WORK REQUEST ▸ Please transcribe the following records in full, exactly as given.

INPUT MATERIAL START

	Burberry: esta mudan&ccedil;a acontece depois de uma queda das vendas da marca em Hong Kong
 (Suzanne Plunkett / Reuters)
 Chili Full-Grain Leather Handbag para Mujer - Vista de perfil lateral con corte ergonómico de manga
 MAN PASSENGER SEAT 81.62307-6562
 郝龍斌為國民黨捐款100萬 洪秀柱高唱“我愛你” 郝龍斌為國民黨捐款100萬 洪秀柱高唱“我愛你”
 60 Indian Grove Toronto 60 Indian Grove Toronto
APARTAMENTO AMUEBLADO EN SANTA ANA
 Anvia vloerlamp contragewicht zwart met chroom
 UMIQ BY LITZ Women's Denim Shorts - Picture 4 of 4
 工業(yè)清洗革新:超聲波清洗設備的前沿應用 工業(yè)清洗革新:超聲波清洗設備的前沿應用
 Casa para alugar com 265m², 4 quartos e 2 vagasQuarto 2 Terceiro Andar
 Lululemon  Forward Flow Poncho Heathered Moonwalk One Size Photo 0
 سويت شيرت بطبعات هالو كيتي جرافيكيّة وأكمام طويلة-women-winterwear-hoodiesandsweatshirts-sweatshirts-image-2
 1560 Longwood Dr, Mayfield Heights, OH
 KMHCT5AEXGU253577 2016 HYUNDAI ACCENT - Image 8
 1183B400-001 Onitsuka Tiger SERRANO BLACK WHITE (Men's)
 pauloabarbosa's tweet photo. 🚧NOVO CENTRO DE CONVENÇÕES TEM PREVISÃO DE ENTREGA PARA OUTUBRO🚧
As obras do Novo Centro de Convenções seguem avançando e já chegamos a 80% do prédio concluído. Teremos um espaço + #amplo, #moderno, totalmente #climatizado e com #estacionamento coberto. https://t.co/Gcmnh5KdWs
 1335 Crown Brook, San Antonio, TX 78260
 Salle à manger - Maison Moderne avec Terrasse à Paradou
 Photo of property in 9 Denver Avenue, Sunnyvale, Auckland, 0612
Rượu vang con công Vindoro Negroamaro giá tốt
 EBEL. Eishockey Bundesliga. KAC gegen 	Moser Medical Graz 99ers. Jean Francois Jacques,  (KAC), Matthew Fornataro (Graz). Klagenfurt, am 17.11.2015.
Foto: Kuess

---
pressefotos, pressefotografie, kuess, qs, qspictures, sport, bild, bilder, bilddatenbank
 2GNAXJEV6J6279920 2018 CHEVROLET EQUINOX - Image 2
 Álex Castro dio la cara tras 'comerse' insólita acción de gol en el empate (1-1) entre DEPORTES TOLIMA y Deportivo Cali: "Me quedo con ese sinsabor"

INPUT MATERIAL END

WRITTEN SOLUTION ▸
	Burberry: esta mudan&ccedil;a acontece depois de uma queda das vendas da marca em Hong Kong
 (Suzanne Plunkett / Reuters)
 Chili Full-Grain Leather Handbag para Mujer - Vista de perfil lateral con corte ergonómico de manga
 MAN PASSENGER SEAT 81.62307-6562
 郝龍斌為國民黨捐款100萬 洪秀柱高唱“我愛你” 郝龍斌為國民黨捐款100萬 洪秀柱高唱“我愛你”
 60 Indian Grove Toronto 60 Indian Grove Toronto
APARTAMENTO AMUEBLADO EN SANTA ANA
 Anvia vloerlamp contragewicht zwart met chroom
 UMIQ BY LITZ Women's Denim Shorts - Picture 4 of 4
 工業(yè)清洗革新:超聲波清洗設備的前沿應用 工業(yè)清洗革新:超聲波清洗設備的前沿應用
 Casa para alugar com 265m², 4 quartos e 2 vagasQuarto 2 Terceiro Andar
 Lululemon  Forward Flow Poncho Heathered Moonwalk One Size Photo 0
 سويت شيرت بطبعات هالو كيتي جرافيكيّة وأكمام طويلة-women-winterwear-hoodiesandsweatshirts-sweatshirts-image-2
 1560 Longwood Dr, Mayfield Heights, OH
 KMHCT5AEXGU253577 2016 HYUNDAI ACCENT - Image 8
 1183B400-001 Onitsuka Tiger SERRANO BLACK WHITE (Men's)
 pauloabarbosa's tweet photo. 🚧NOVO CENTRO DE CONVENÇÕES TEM PREVISÃO DE ENTREGA PARA OUTUBRO🚧
As obras do Novo Centro de Convenções seguem avançando e já chegamos a 80% do prédio concluído. Teremos um espaço + #amplo, #moderno, totalmente #climatizado e com #estacionamento coberto. https://t.co/Gcmnh5KdWs
 1335 Crown Brook, San Antonio, TX 78260
 Salle à manger - Maison Moderne avec Terrasse à Paradou
 Photo of property in 9 Denver Avenue, Sunnyvale, Auckland, 0612
Rượu vang con công Vindoro Negroamaro giá tốt
 EBEL. Eishockey Bundesliga. KAC gegen 	Moser Medical Graz 99ers. Jean Francois Jacques,  (KAC), Matthew Fornataro (Graz). Klagenfurt, am 17.11.2015.
Foto: Kuess

---
pressefotos, pressefotografie, kuess, qs, qspictures, sport, bild, bilder, bilddatenbank
 2GNAXJEV6J6279920 2018 CHEVROLET EQUINOX - Image 2
 Álex Castro dio la cara tras 'comerse' insólita acción de gol en el empate (1-1) entre DEPORTES TOLIMA y Deportivo Cali: "Me quedo con ese sinsabor"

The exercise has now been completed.